A focus of the upcoming Senate consideration will be whether the minimum wage increase to $15 per hour in the House bill can survive in the Senate. It may not have enough support from moderate Democrats like Sens. Joe Manchin (D-WV) and Kyrsten Sinema (D-AZ). Senate rules require that measures passed under reconciliation must have budgetary effects, and it isn’t clear that raising the minimum wage will be considered permissible. The nonpartisan parliamentarian of the Senate determines which measures are eligible to pass under reconciliation.

Reintroduction of the Charitable Giving Tax Deduction Act

On February 15, Representatives Chris Smith (R-NJ) and Henry Cuellar (D-TX) reintroduced the Charitable Giving Tax Deduction Act (H.R. 1081) that would create a universal charitable deduction, available to all taxpayers whether they itemize their taxes or not.

Reintroduction of the Legacy IRA Act

On February 5, Senators Kevin Cramer (R-ND) and Debbie Stabenow (D-MI) reintroduced the Legacy IRA Act, legislation to increase the tax incentive of retirement-age middle-class Americans to give to charity. The senators introduced this bill in the last Congress.

The Legacy IRA Act gives middle-income seniors more flexibility to make gifts to charities through their individual retirement accounts (IRAs).
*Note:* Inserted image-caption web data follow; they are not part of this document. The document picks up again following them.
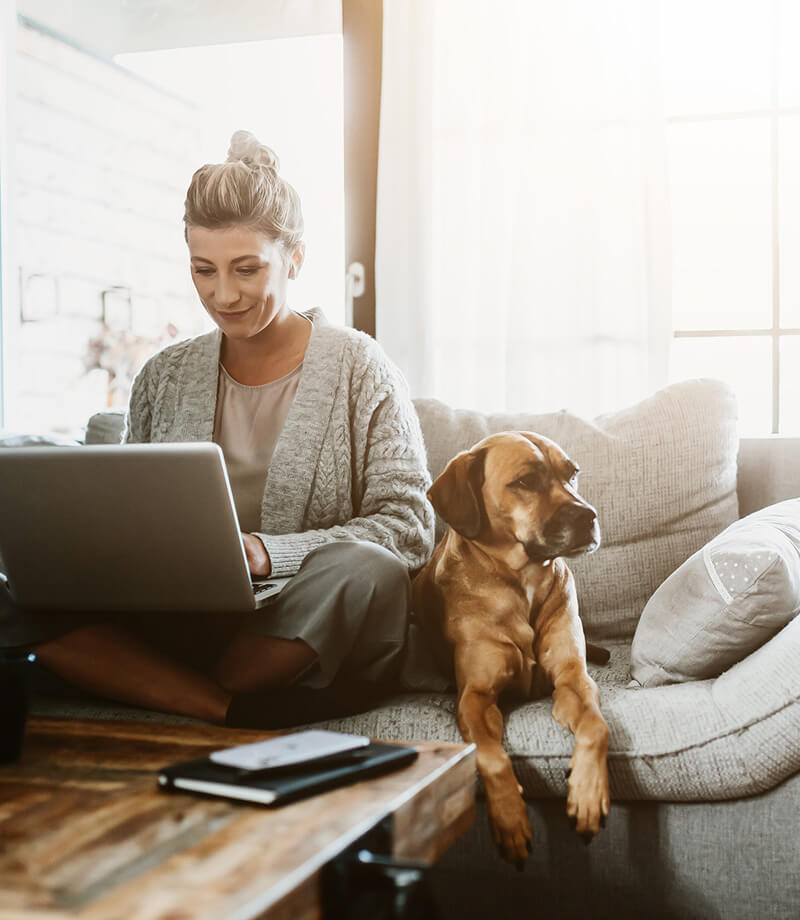 Find out about internet speeds for your apartment - woman and dog browse online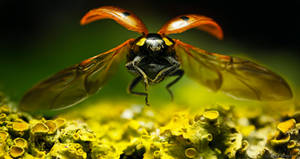 Ladybug Descent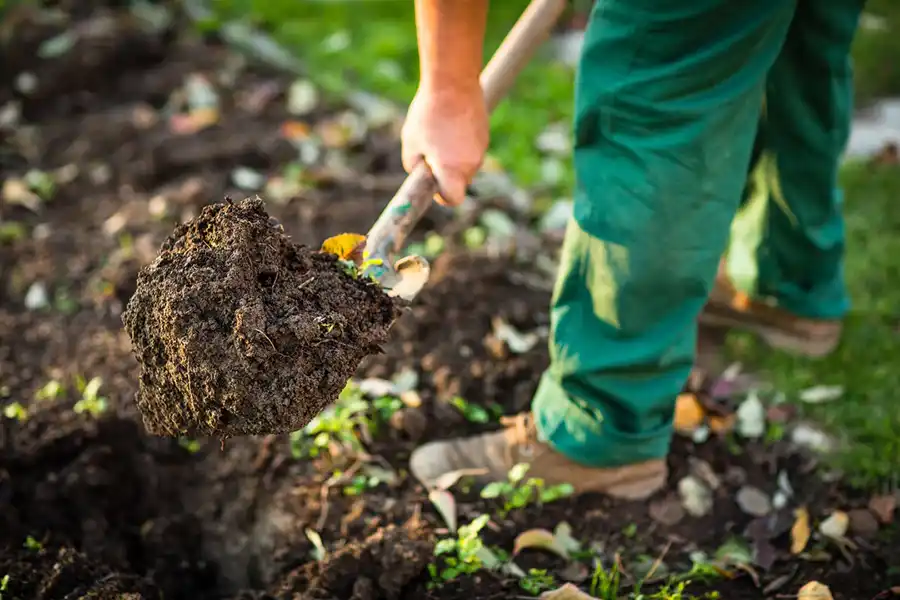 Reliable Mulching in Waterbury, CT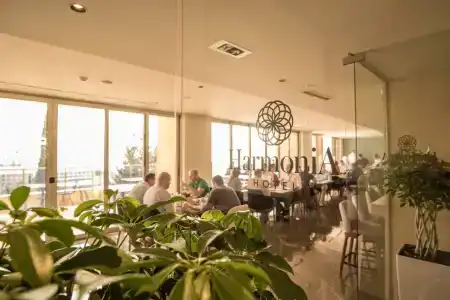 Harmonia by Dukley - 98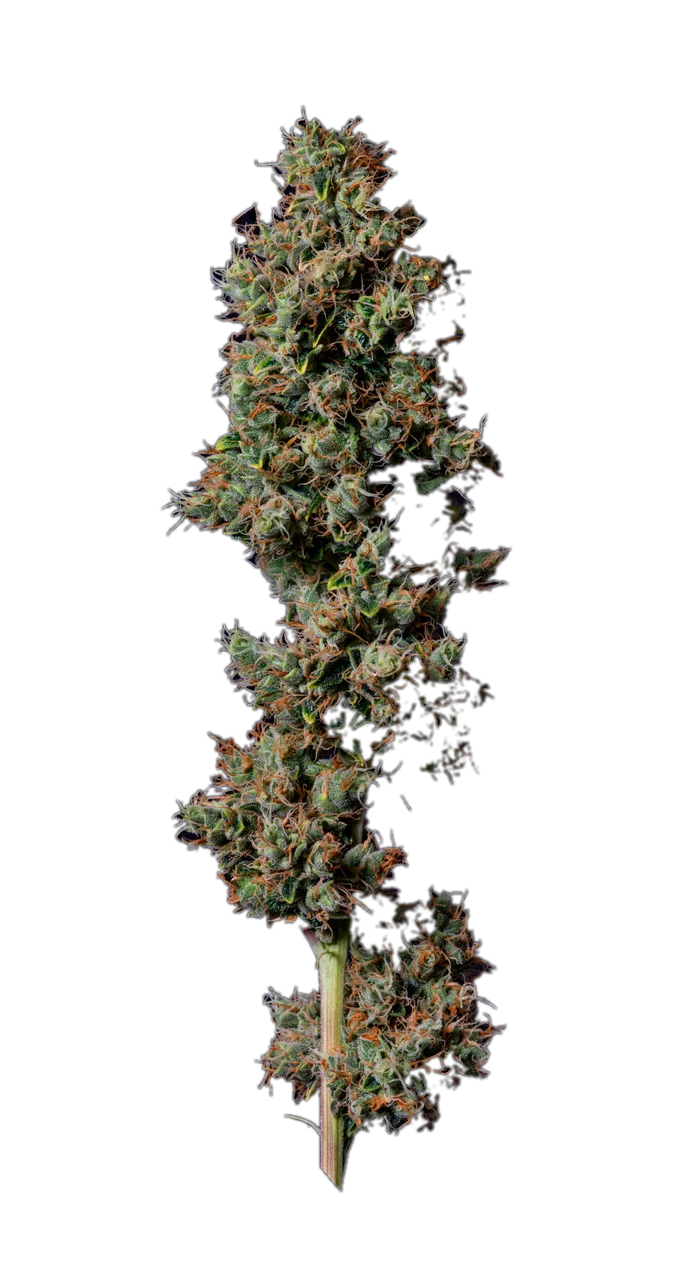 Headband, Hybrid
It would expand the IRA Charitable Rollover by enabling seniors age 65 and over to give up to $400,000 annually tax free to an annuity held by the charity of their choice.

Senators Warren and Whitehouse Write to Secretary Yellen on Tax-exempt Political Groups

On February 3, Senators Sheldon Whitehouse (D-RI) and Elizabeth Warren (D-MA) wrote a letter to Treasury Secretary Janet Yellen saying that tax exemptions granted by the Internal Revenue Service (IRS) are being exploited, with some nonprofits appearing indistinguishable from political action committees. The lawmakers, both members of the Senate Finance Committee that oversees the IRS, urged Yellen to increase disclosure requirements on donors and probe inconsistencies in their expenditure reports.
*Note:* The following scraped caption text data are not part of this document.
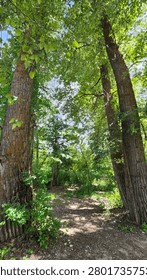 Tall trees guarding the path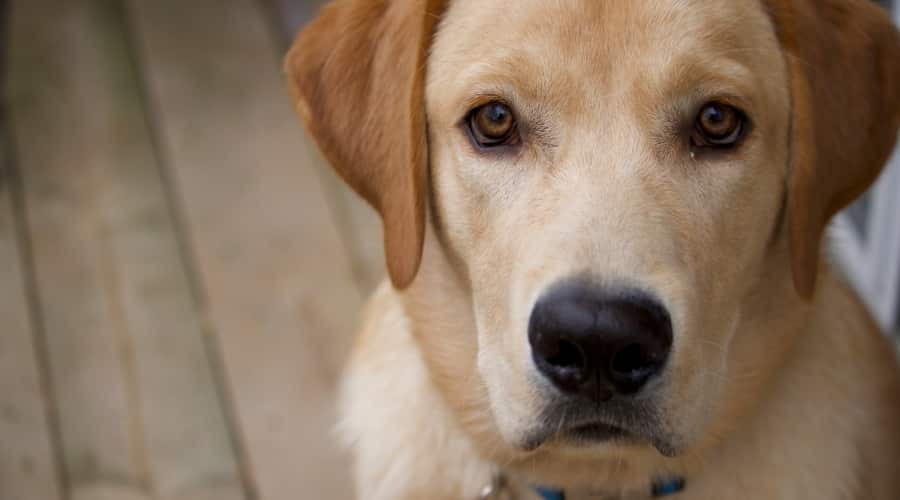 Labrador Golden Retriever mix outside sitting
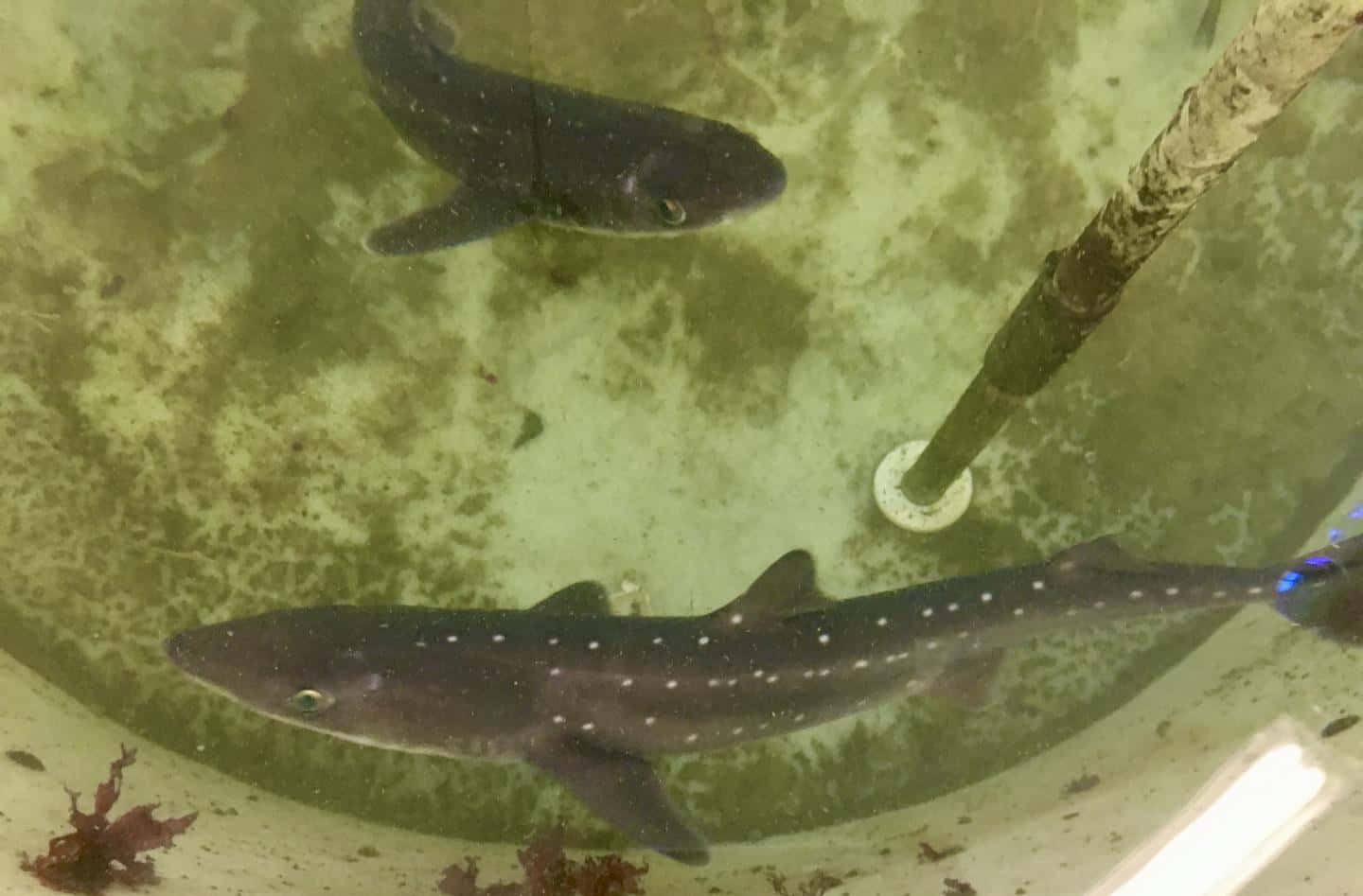  壁紙 — 兩條斑點鯊在管道和海藻附近的渾濁綠色水中優雅地滑行。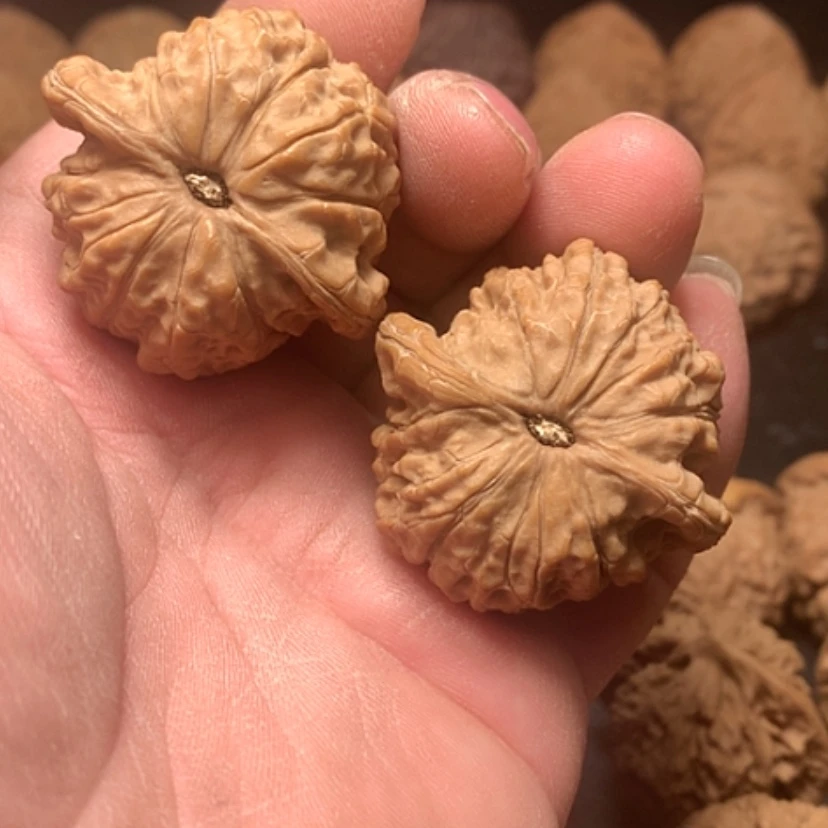 【闪购商品】血麒麟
Independent Sector Letter to President Biden

As part of ongoing engagement with the administration, on February 11, Independent Sector sent a letter addressed to President Biden communicating the urgency for relief policies targeted to the specific needs of nonprofit organizations, which during this difficult time have seen an increase in demand of their services while revenue streams continue to decline. The letter also included information requested by the Biden-Harris team about the challenges nonprofits continue to face and specific ways that policymakers can help the sector. To provide this information, Independent Sector surveyed nonprofits about how policymakers can best help them in the next six months. Over 900 organizations completed the survey.